This performance also translates into clear value creation for BBVA shareholders, with increasing returns and an excellent stock evolution in 2025. “We are proposing the distribution of more than €5.2 billion, that is 50 percent of the annual profit. Specifically, we are proposing a cash dividend of €0.60 per share in April which, together with the €0.32 paid last November, raises the total dividend to €0.92 per share—the highest in our history,” he noted. This dividend represents a 31 percent increase compared to the previous year.
“The annual dividend has tripled since 2021, driven by significant increases year after year. In addition, the bank’s stock has seen strong performance, with its price more than doubling over the past year,” he added.

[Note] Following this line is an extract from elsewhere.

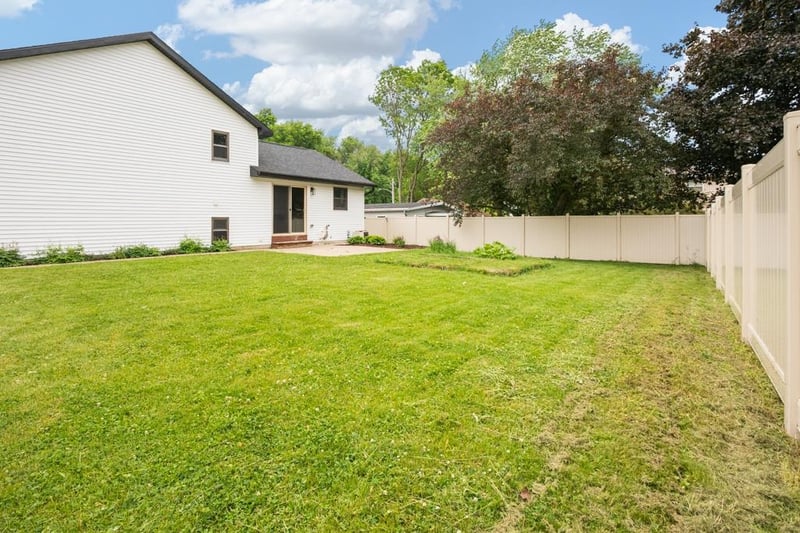 936 10th St, Kaukauna, WI 54130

Additionally, BBVA continues to make progress on its nearly €4 billion extraordinary share buyback program¹ announced in December, of which it has already completed a first tranche of €1.5 billion. BBVA announced today a second tranche of said program, for up to €1 billion, with execution set to begin on March 23.
Including dividends and share price appreciation, since January 2019, the total value for BBVA shareholders has multiplied almost six-fold, well above the performance of European and Spanish banks, whose shareholders have seen their investment multiply approximately 3.5-fold.

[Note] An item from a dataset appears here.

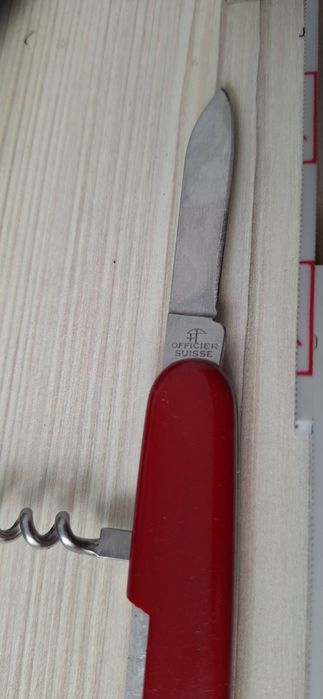 Briceag Opinel no. 8 si Victorinox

An increasingly uncertain and fragmented environment
The BBVA Chair underscored that these results are especially remarkable in such a complex international climate. Geopolitical fragmentation, armed conflicts and the technological acceleration are reshaping the global economy. Despite the uncertainty, the economy is showing better-than-expected resilience. BBVA Research estimates point to sustained growth in the countries where BBVA operates (2.4 percent in Spain, 1.8 percent in Mexico, 4 percent in Türkiye and 3 percent in South American countries), although an escalation of the conflict in Iran could negatively impact these figures if the closure of Strait of Hormuz persists.
But there are also “new opportunities such as artificial intelligence and the energy transition that will be key economic drivers over the next few years,” he said.

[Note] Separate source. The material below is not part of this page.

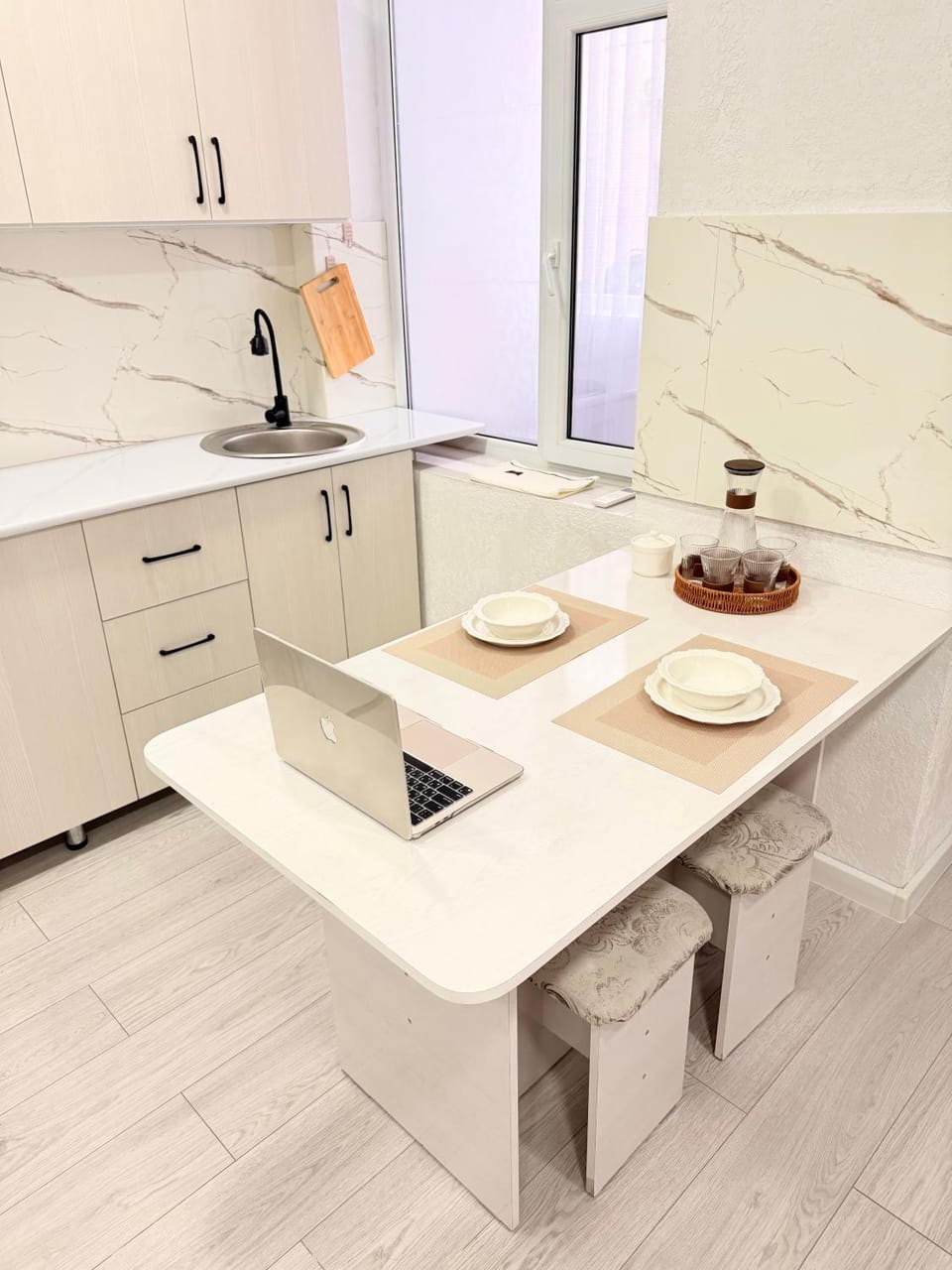 Kitchen or kitchenette, Food and drinks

To successfully navigate this environment, BBVA has defined a clear roadmap as part of its strategic plan: to put the customers’ perspective at the heart of everything the bank does in order to better understand their needs and deliver increasingly relevant and tailored solutions; to grow especially in sustainability and the enterprise segment; and to steer all decisions toward value and capital generation, boosting businesses with low capital consumption, such as insurance, asset management and payments. All this supported by two key levers: artificial intelligence and a talented, ambitious team with a strong customer focus.
BBVA aims to lead banking in the age of artificial intelligence
During his presentation, Carlos Torres Vila emphasized the role of artificial intelligence in the financial sector in particular. In this regard, he anticipates that “artificial intelligence represents an enormous technological transformation, occurring at an unprecedented pace.”
BBVA is rolling out an ambitious strategy to incorporate this technology across all areas of the bank, from customer advisory to risk management and software development. “And we are doing it with a very clear goal in mind: to better serve our clients. A supportive bank that is more anticipatory, more personalized and closer to the client,” he stressed. “We were pioneers in the digital transformation, with tremendous success, and once again, we are going to lead banking in the age of artificial intelligence.”
To sum up, “we will continue to support our customers in their drive to go further, delivering value to our shareholders and generating a positive impact on the societies where we operate,” Carlos Torres Vila concluded.
Growth, efficiency and profitability
Next, BBVA’s Chief Executive Officer Onur Genç stressed that, beyond the results achieved in the year, what truly matters is that “over the past four years, we have more than doubled our profit, with significant growth year after year. This demonstrates our ability to deliver results on a sustained basis,” he added.